附录 B - Spark¶
数据类型(Data Types)¶
Spark SQL and DataFrames support the following data types:
- Numeric types
- ByteType: Represents 1-byte signed integer numbers. The range of numbers is from -128 to 127.
- ShortType: Represents 2-byte signed integer numbers. The range of numbers is from -32768 to 32767.
- IntegerType: Represents 4-byte signed integer numbers. The range of numbers is from -2147483648 to 2147483647.
- LongType: Represents 8-byte signed integer numbers. The range of numbers is from -9223372036854775808 to 9223372036854775807.
- FloatType: Represents 4-byte single-precision floating point numbers.
- DoubleType: Represents 8-byte double-precision floating point numbers.
- DecimalType: Represents arbitrary-precision signed decimal numbers. Backed internally by java.math.BigDecimal. A BigDecimal consists of an arbitrary precision integer unscaled value and a 32-bit integer scale.
- String type
- StringType: Represents character string values.
- Binary type
- BinaryType: Represents byte sequence values.
- Boolean type
- BooleanType: Represents boolean values.
- Datetime type
- TimestampType: Represents values comprising values of fields year, month, day, hour, minute, and second.
- DateType: Represents values comprising values of fields year, month, day.
- Complex types
- ArrayType(elementType, containsNull): Represents values comprising a sequence of elements with the type of elementType. containsNull is used to indicate if elements in a ArrayType value can have null values.

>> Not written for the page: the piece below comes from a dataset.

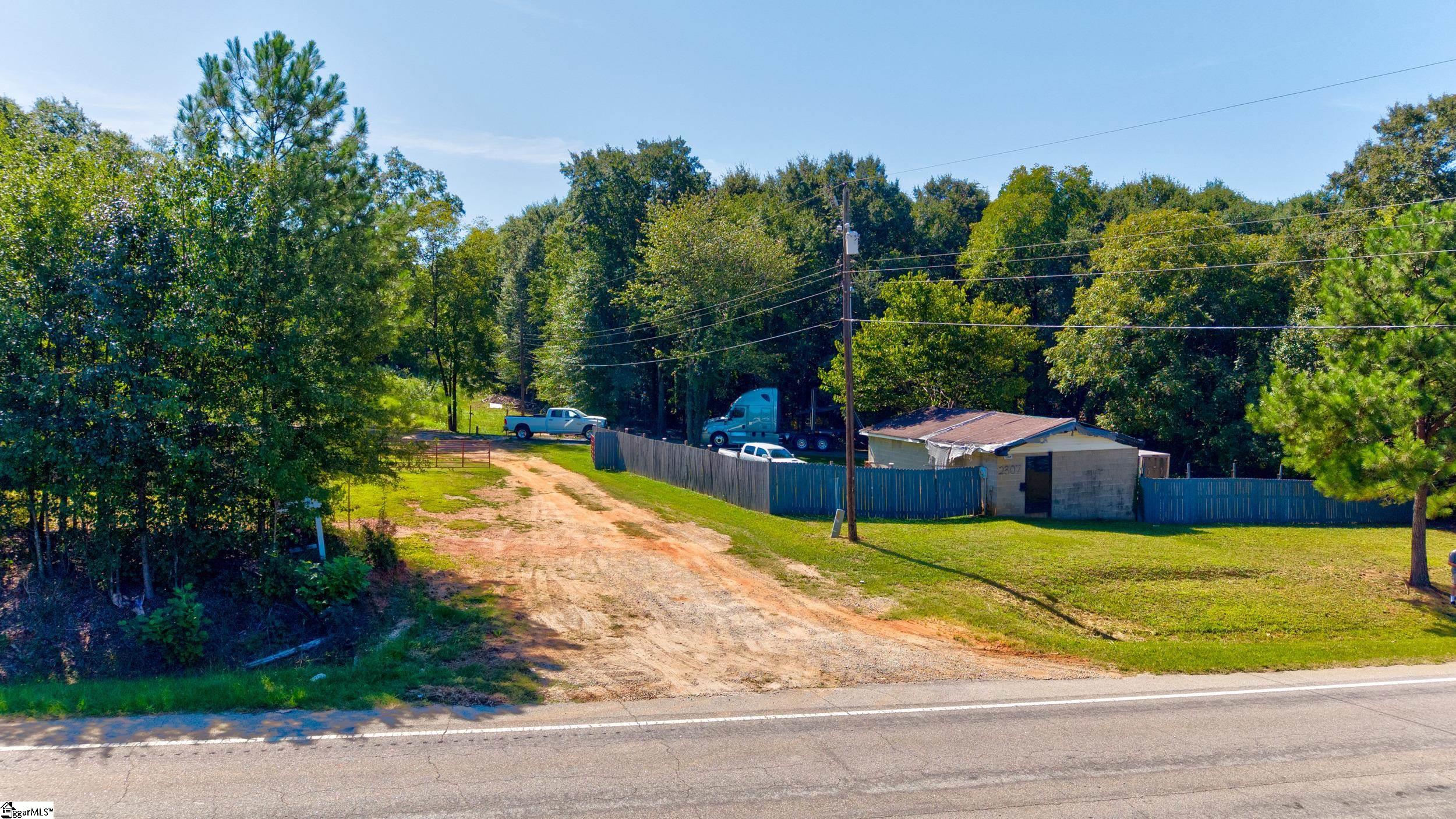 2307 11 Highway Property Photo 3
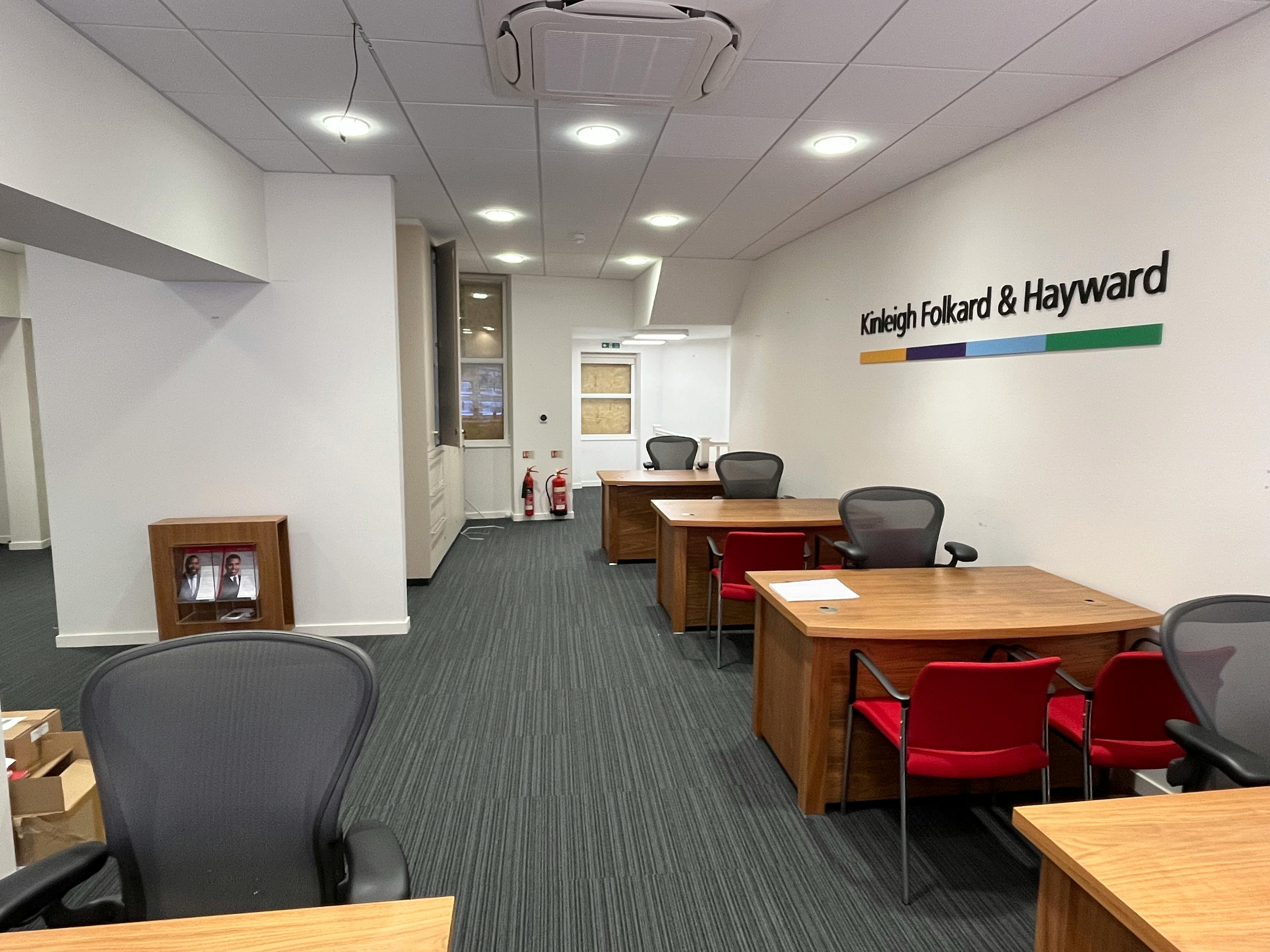 Retail/Shop in Camberwell - photo 2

- MapType(keyType, valueType, valueContainsNull): Represents values comprising a set of key-value pairs. The data type of keys are described by keyType and the data type of values are described by valueType. For a MapType value, keys are not allowed to have null values. valueContainsNull is used to indicate if values of a MapType value can have null values.
- StructType(fields): Represents values with the structure described by a sequence of StructFields (fields).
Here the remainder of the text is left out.